TASK DESCRIPTION
The copy should hold only the line containing "#RUNSEOKJIN_epTOUR_AMSTERDAM" and the lines after it through the end of the material, each exact, with no pictures.

INPUT DATA
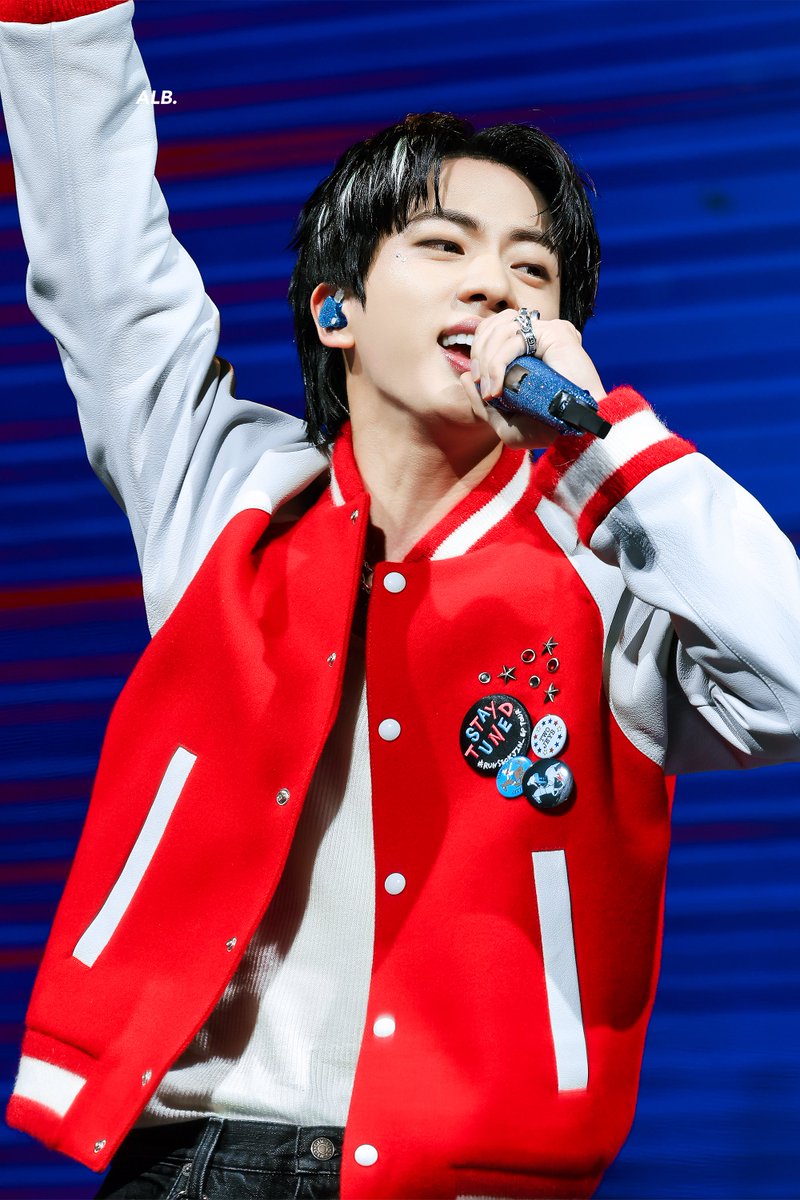 250811 

#방탄소년단진 #김석진 #석진 #진  #BTSJIN #JIN 
#Jin_TOUR_EU 
#RUNSEOKJIN_epTOUR_AMSTERDAM
<a href="/BTS_twt/">방탄소년단</a>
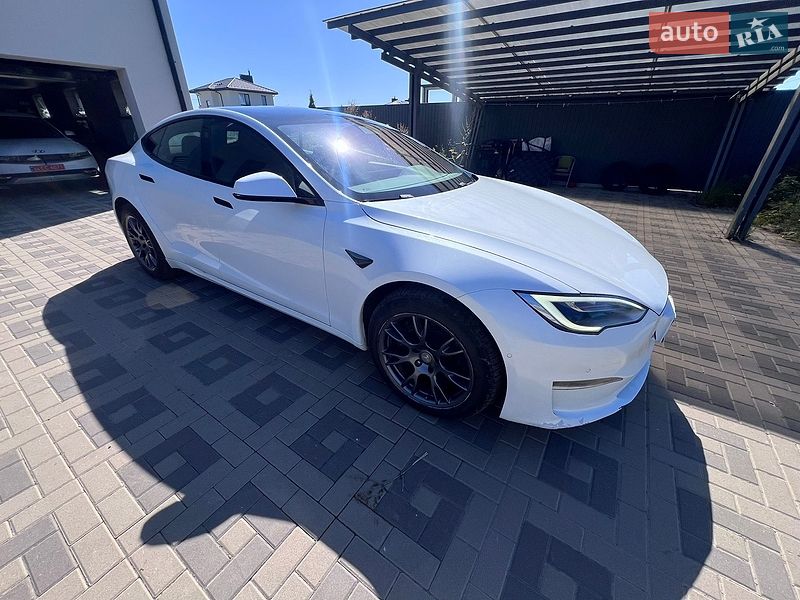 Лифтбек Tesla Model S 2021 в Киеве фото 2 Лифтбек Tesla Model S 2021 в Киеве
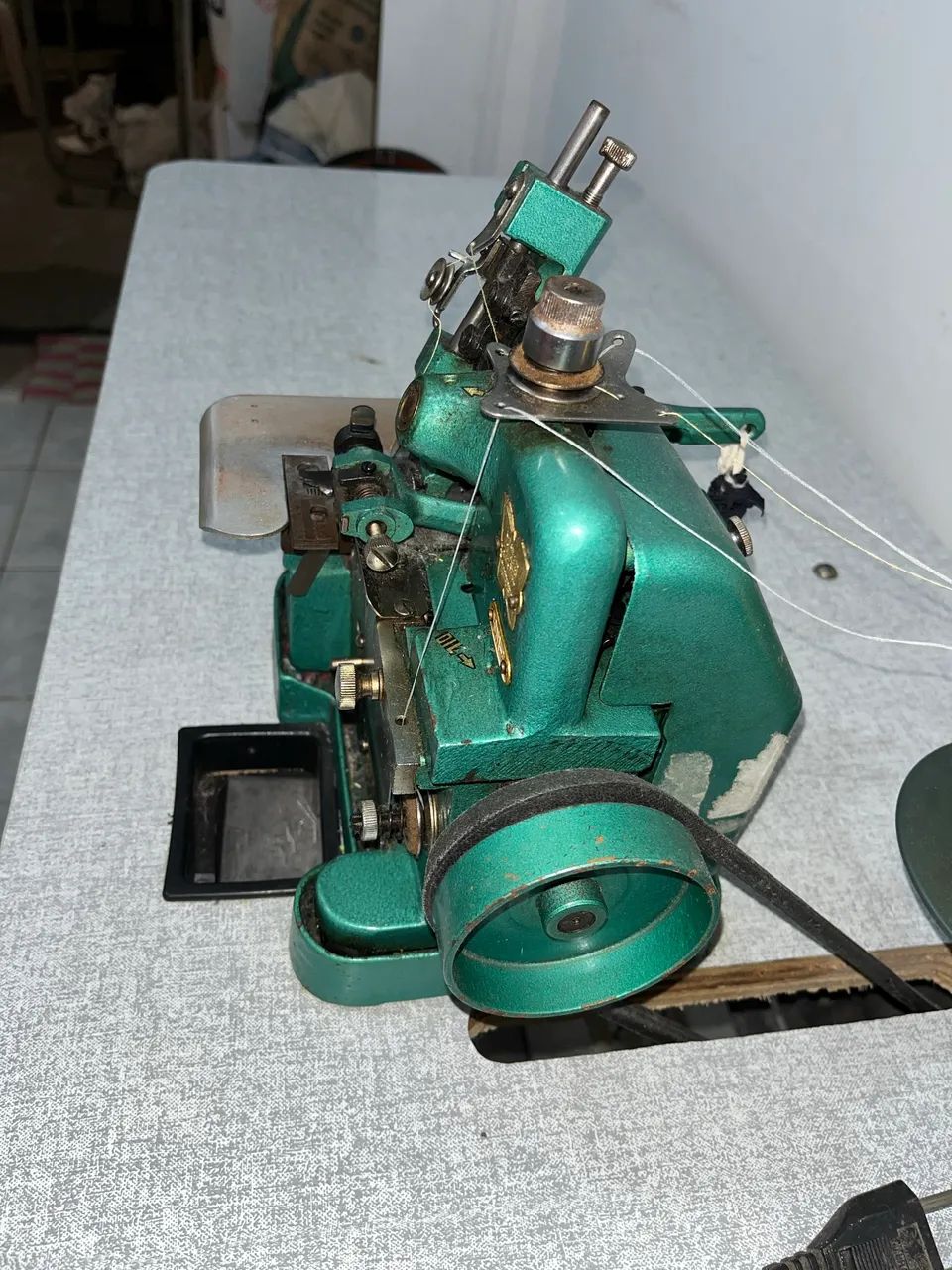 Maquina Overlock - Foto 5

EXERCISE RESULT
#RUNSEOKJIN_epTOUR_AMSTERDAM
<a href="/BTS_twt/">방탄소년단</a>
 Лифтбек Tesla Model S 2021 в Киеве фото 2 Лифтбек Tesla Model S 2021 в Киеве
 Maquina Overlock - Foto 5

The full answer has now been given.